» **DESCRIPTION OF THE TASK**: Scan the listing for the word "photo" and report every line that contains it.

» **DATASET ENTRIES**:
━━━━━━━━━━━━━━━━━━━━

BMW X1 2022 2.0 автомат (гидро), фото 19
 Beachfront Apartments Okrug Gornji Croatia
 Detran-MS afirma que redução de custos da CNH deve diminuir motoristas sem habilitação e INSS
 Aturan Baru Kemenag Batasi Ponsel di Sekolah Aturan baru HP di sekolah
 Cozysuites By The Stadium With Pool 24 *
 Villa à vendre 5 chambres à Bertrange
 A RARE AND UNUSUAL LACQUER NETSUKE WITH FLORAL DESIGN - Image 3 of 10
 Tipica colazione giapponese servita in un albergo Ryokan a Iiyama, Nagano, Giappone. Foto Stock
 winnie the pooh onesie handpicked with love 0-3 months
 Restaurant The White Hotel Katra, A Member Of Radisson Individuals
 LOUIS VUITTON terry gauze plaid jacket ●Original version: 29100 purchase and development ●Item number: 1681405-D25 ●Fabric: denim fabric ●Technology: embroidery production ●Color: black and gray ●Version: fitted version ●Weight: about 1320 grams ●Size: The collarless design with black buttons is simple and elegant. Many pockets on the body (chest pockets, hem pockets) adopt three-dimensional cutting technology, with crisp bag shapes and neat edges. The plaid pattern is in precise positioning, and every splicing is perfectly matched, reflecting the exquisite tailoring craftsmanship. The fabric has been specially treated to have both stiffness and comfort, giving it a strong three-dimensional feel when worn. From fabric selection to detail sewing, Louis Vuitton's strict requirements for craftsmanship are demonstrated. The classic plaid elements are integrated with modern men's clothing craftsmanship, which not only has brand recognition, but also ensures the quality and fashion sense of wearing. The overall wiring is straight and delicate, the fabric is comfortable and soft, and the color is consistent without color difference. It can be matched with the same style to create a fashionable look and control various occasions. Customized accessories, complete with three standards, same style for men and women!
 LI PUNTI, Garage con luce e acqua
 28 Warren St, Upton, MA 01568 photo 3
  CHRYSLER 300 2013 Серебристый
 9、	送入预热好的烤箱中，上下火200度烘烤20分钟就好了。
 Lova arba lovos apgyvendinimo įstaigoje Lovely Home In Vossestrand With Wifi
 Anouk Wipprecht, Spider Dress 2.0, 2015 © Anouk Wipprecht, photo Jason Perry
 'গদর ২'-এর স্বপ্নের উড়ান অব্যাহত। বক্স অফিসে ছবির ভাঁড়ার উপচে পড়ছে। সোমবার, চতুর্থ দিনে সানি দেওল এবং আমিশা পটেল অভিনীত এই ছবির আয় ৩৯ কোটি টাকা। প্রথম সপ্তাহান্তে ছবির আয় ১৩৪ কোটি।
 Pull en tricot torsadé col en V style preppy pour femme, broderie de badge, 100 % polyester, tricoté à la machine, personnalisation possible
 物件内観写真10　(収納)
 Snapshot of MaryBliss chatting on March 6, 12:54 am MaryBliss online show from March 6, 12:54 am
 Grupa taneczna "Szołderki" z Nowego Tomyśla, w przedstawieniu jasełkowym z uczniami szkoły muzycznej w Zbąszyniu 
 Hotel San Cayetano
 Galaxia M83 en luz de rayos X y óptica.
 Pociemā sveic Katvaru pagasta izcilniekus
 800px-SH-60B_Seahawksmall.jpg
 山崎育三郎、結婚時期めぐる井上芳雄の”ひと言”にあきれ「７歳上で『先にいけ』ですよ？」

━━━━━━━━━━━━━━━━━━━━

» **EXERCISE ANSWER**:
 28 Warren St, Upton, MA 01568 photo 3
 Anouk Wipprecht, Spider Dress 2.0, 2015 © Anouk Wipprecht, photo Jason Perry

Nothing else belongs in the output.